§ INPUT RECORDS
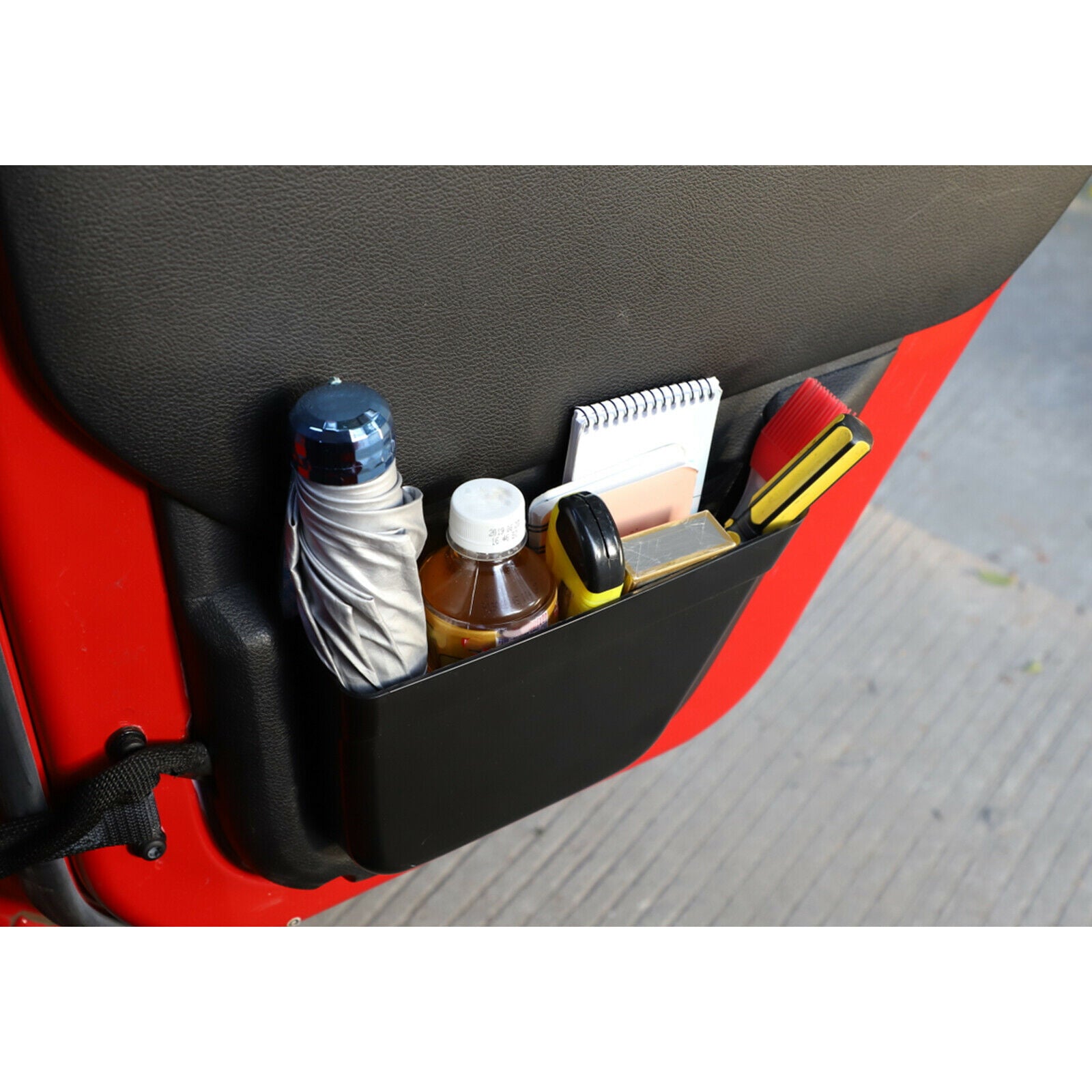 2xRear Door Net Pocket Storage Box Organizer For Wrangler JK 11-17 4Door CN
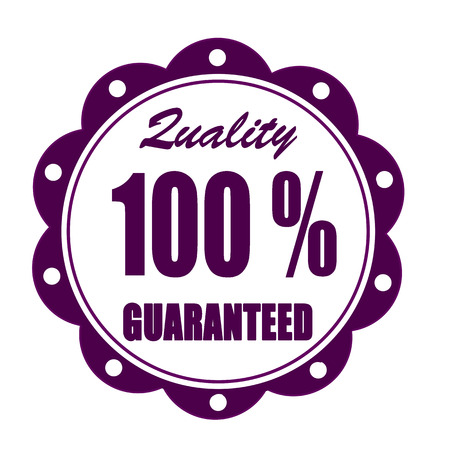 quality guaranteed grunge stamp whit on vector illustrationのイラスト素材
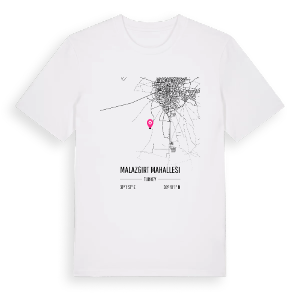 Malazgirt Mahallesi karta t-shirt – ekologisk bomull t-shirt från Pinshirt
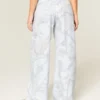 Pantalon de survêtement baggy bleu camouflage Pantalon de survêtement baggy bleu camouflage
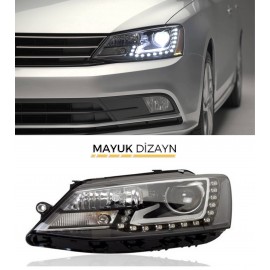 VW JETA MK6 Highline Ledli Far Seti (2011-) --MAYUK Dizayn--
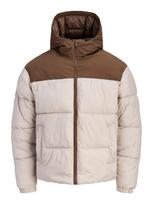 JACK & JONES Žieminė striukė 'JJRAZE' smėlio spalva / ruda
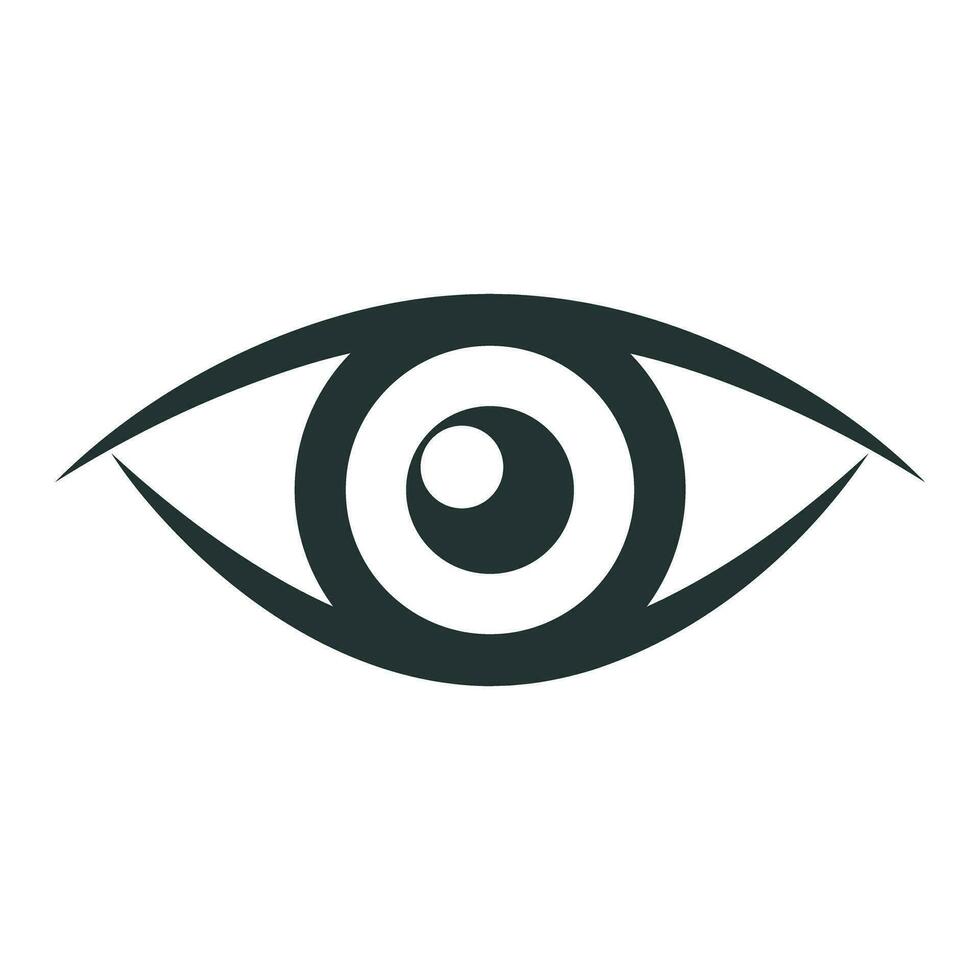 Gazing eye icon. Gaze. Vector. vector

§ TASK DESCRIPTION
Reprint the whole listing verbatim except for the pictures.

§ RESPONSE TO THIS TASK
 2xRear Door Net Pocket Storage Box Organizer For Wrangler JK 11-17 4Door CN
 quality guaranteed grunge stamp whit on vector illustrationのイラスト素材
 Malazgirt Mahallesi karta t-shirt – ekologisk bomull t-shirt från Pinshirt
 Pantalon de survêtement baggy bleu camouflage Pantalon de survêtement baggy bleu camouflage
 VW JETA MK6 Highline Ledli Far Seti (2011-) --MAYUK Dizayn--
 JACK & JONES Žieminė striukė 'JJRAZE' smėlio spalva / ruda
 Gazing eye icon. Gaze. Vector. vector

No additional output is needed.